Recorría un camino estrecho y
sinuoso que se adentraba en el espesor de lo desconocido. Anduve, cientos de
lunas alumbrando mis pasos. Anduve hasta topar con la señal de Camino a la
Perdición. Era reinventarse, era caer y renacer, y tomé el desvío. Vi un pozo,
ancho y de suaves bordes, y abajo solo se atisbaba negrura, densa y pura, y una
voz que dijo “lánzate, baja”, y bajé. Volé en picado y hacia abajo, apresurado,
rehuyendo al mundo, tratando de escapar de él, o de mis propios fantasmas,
aquellos que me acechaban en la sombra. Y había atractivo en el nuevo camino,
en la nueva personificación de lo idóneo. Era convulsión, miles de luces
parpadeantes, rojo y negro intermitentes. Era emoción y tentativa, era fuego y
autodestrucción. Quería huir y lo hice, quería perderme y me perdí; anduve tan
lejos que al mirar atrás solo vi el difuso reflejo de mi propia imagen abatida.
Rehusé ayuda y manos sanadoras. Tenía mis propios elixires, y la luz era
cegadora y la música estaba muy alta; ensordecedora. Dancé y bailé con demonios
que quizá eran yo mismo hasta que el ardiente sudor congelaba mi piel, hasta
quedar exhausto, hasta que inmaculados ángeles de alas desgarradas me
engañaron; y me ahogué. Pero era hermoso, había belleza en la mutilación de las
palabras, en la metamorfosis del lenguaje, en los pinchazos de las canciones
que sonaban oxidadas en mi cabeza, y al ser arrancadas de la tierra que las
alimentaba soltaban volutas de cristal que crujían bajo mis botas, liberando
motas de tiempo.
Era un gozo caminar sobre el
pavimento mojado por las lluvias de ácido producidas en la factoría de sueños.

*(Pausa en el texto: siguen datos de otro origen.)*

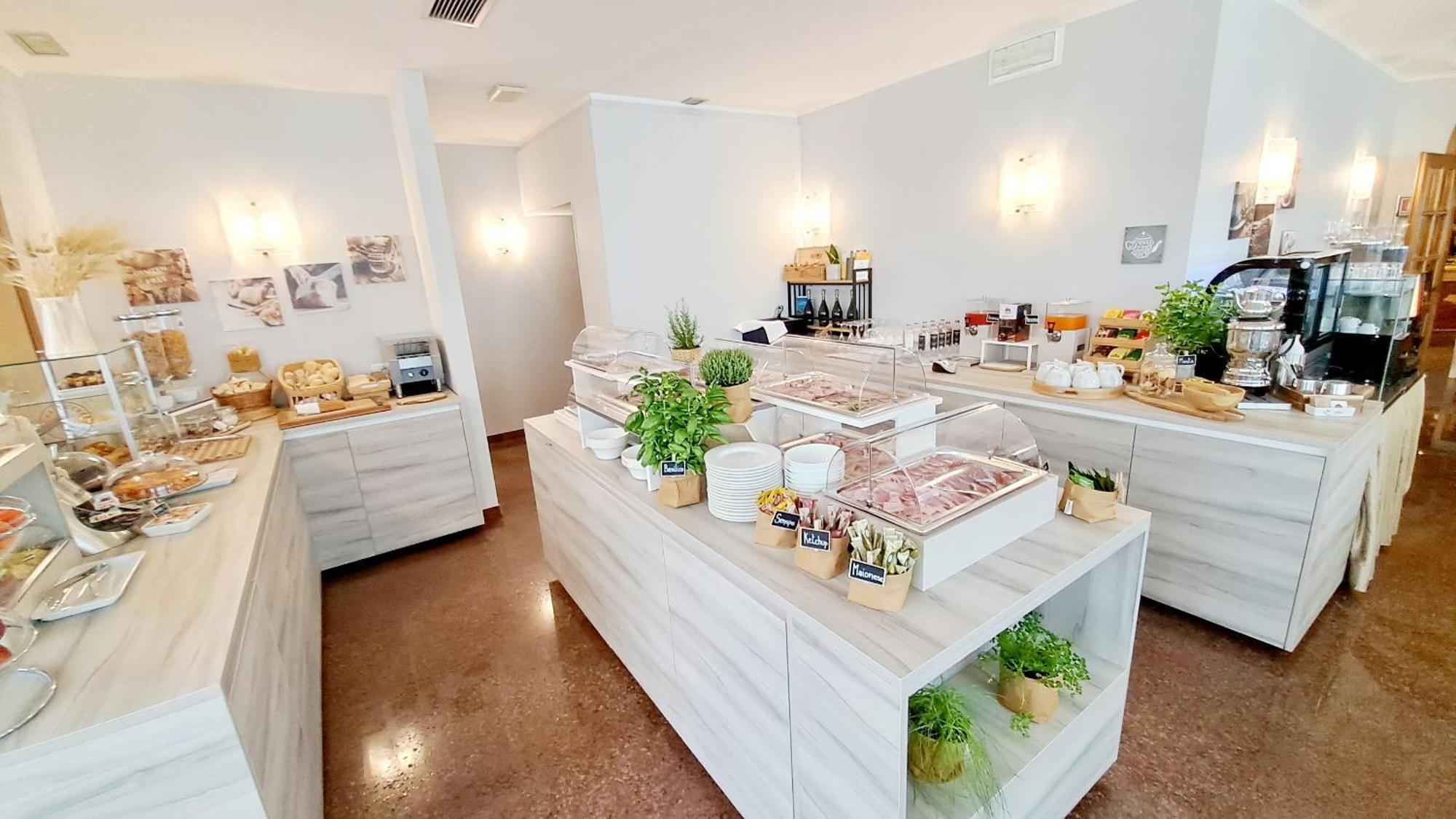 Hotel & Wellness Fra I Pini Λινιάνο Σαμπιαντόρο Εξωτερικό φωτογραφία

Era un gozo sentir el viento helado golpeando mi rostro como un martillo que me
moldeaba como a la arcilla, en cada golpe, con cada brutal arremetida. Era
fascinante tratar de borrar los límites, difuminarlos hasta el punto de bailar
en frenesí en ambos lados simultáneamente. Levantaba con cada pisada partículas
de caos y me empapaba de ellas, maravillándome con aquello que edificaban. Me
desanclé y volé libre y voluntariamente hacia el abismo y allí encendí el fuego
que debió alertarme y que se extinguió con la primera exhalación de aliento
etílico. Quizá me castigara, me aplicara a mí mismo las penitencias que nadie
tuvo cojones de sentenciar. Quizá sufrí lo que quise que otros sufrieran y no
supe cómo hacerles llegar ese dolor, esa abrumadora soledad, y quise
experimentarlo para así reflejarlo sobre ellos, clavándome la tóxica espada que
sabía que atravesaría a los demonios que llevaba pegados a la espalda,
consiguiendo mi propósito a un precio demasiado elevado. Pero todo mi ser
bullía, cada átomo, y ardía en intensidad, y me hacía aprender de qué material
se compone la realidad. Y vi cómo actuaban las personas, de qué tejido estaban
hechas; vi cómo se tejían y se formaban. Y los problemas, los que el bendito
caos lleva siempre de la mano, eran fascinantes. Busqué problemas, y vaya si
los encontré. Eran espirales, columnas de humo danzantes, materializadas en las
personas, y surgían de las esquinas, de las alcantarillas, de todas partes.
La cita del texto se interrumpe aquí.